┌─ Input data

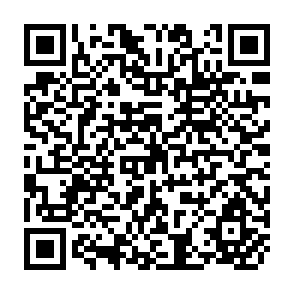 QR Code for Cadastral surveys and Records of Rights in Land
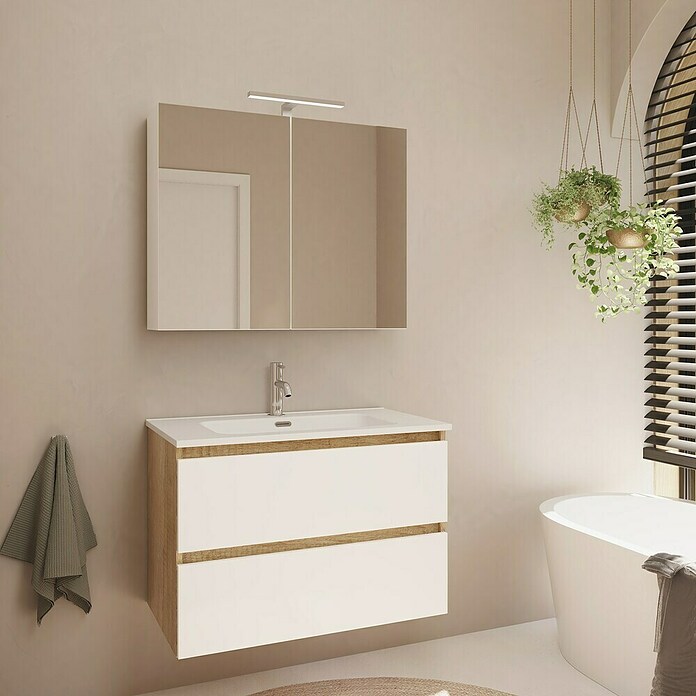Artysan Armario con espejo LED Loft (An x Al: 65 x 80 cm, Blanco, Con iluminación, Número de puertas: 2 ud.) | BAUHAUS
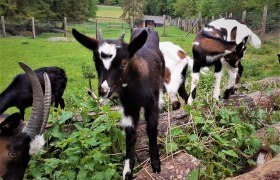 Zwergziege im Naturpark, &copy; Verein Naturpark Nordwald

└─

Word for word, restate all of the material, omitting the images.

 QR Code for Cadastral surveys and Records of Rights in Land
Artysan Armario con espejo LED Loft (An x Al: 65 x 80 cm, Blanco, Con iluminación, Número de puertas: 2 ud.) | BAUHAUS
 Zwergziege im Naturpark, &copy; Verein Naturpark Nordwald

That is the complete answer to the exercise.